Death Metal

Just thrash... and I refuse to call it "proto" death (can we never start that with death metal please?) because Seven Churches already existed. As far as sepultura is concerned, Morbid Visions and Bestial Devastation are definitely early death metal. Maybe Schizophrenia too, I've never bothered with it much.

I'm all for calling a spade a spade, but the mania for ex post facto classification imposes an artificial linearity on a process that, historically, wasn't linear at all. The mistake is to visualize the history of metal as some sort of 'family tree.' It's much more useful to think of metal as a web of influences, or perhaps more accurately, as crystalline lattice, where the key, epoch-making bands represent anchor points or loci for whole segments of the historical network.

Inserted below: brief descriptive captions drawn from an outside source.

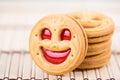 smiling strawberry jam cookies. Close up Royalty Free Stock Photo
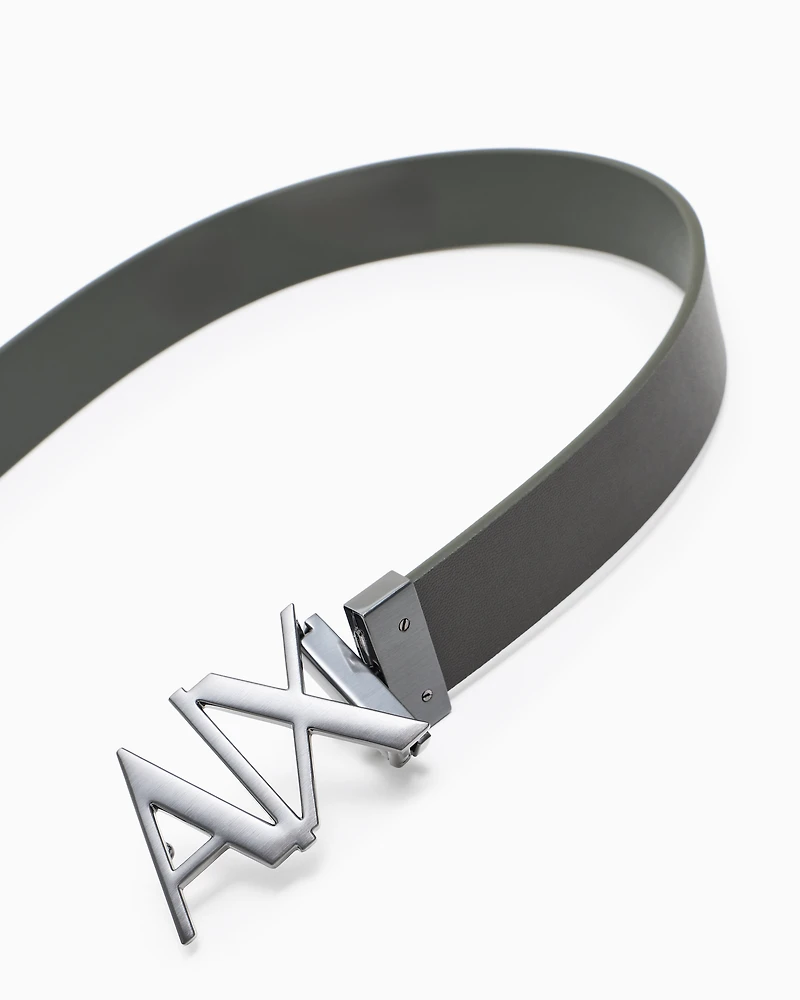 Armani Exchange - Double-sided leather belt, Man, Green, Size:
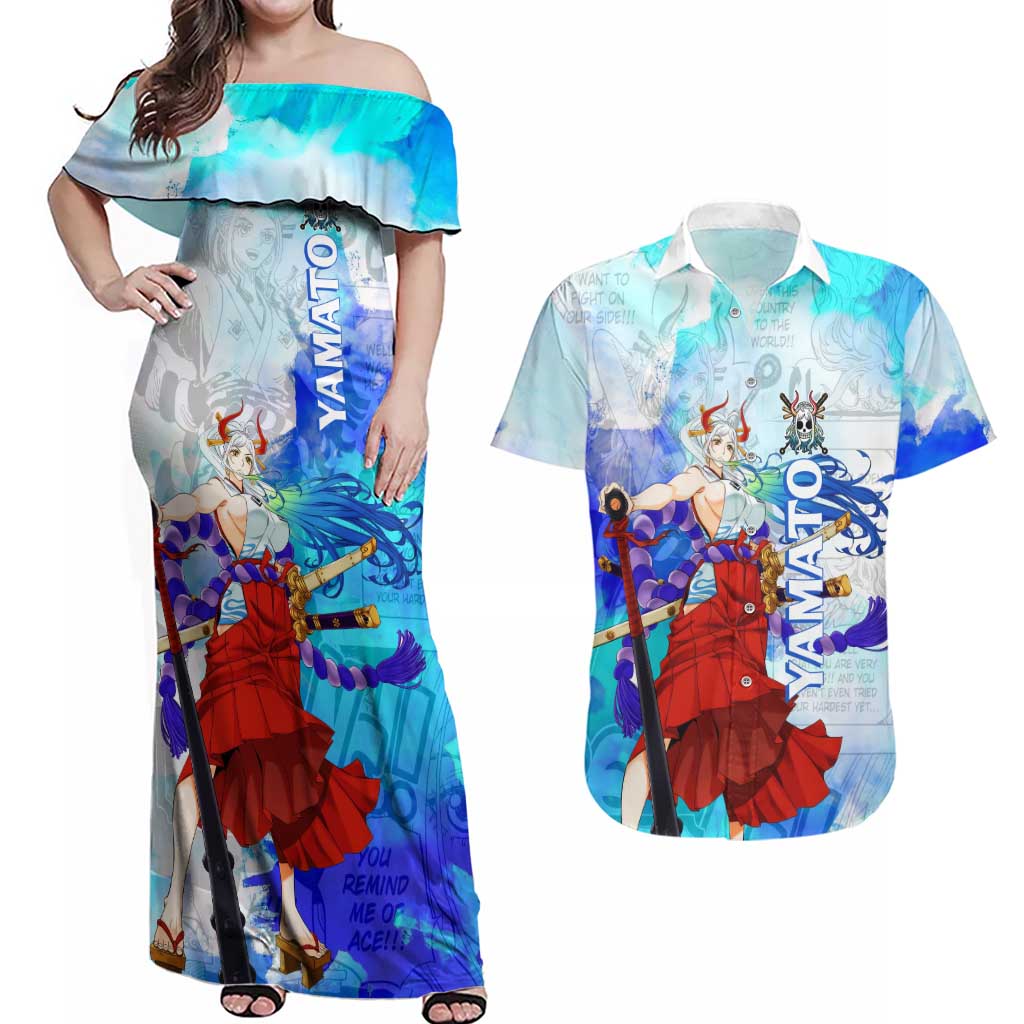 Yamato One Piece Blue Cloud Theme Couples Matching Off Shoulder Maxi Dress and Hawaiian Shirt with Manga Panels and Oni Horn Character Design - The Mazicc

On the one hand, the "proto" tag does smack of trying to make messy history fit neatly into an anachronistic linear model, on the other, it does capture the unsettled, unfinished state of underground metal in the period roughly encompassing the years 1980-1987/88 (the point at which it becomes easier to see the clear points of departure between one subgenre and the next).
 
The language of pretension, perhaps.

Pretension implies the projection of a false image for social purposes. Me, I just prefer to use language that maximizes precision and minimizes the potential for misinterpretation. If that means "big" words or less common metaphors, so be it.
 
I was never huge into death metal--only recently did I feel comfortable enough to "adopt" Death, Autopsy and Obituary into my music collection. But as I listened to those early Florida death metal bands, I think I was about two steps away from giving death metal my own stamp of approval.

Then I heard technical death metal.

Now regular death metal sounds silly.
 
I was never huge into death metal--only recently did I feel comfortable enough to "adopt" Death, Autopsy and Obituary into my music collection. But as I listened to those early Florida death metal bands, I think I was about two steps away from giving death metal my own stamp of approval.

Then I heard technical death metal.

Now regular death metal sounds silly.

Nothing wrong with being all flash, no substance, I suppose.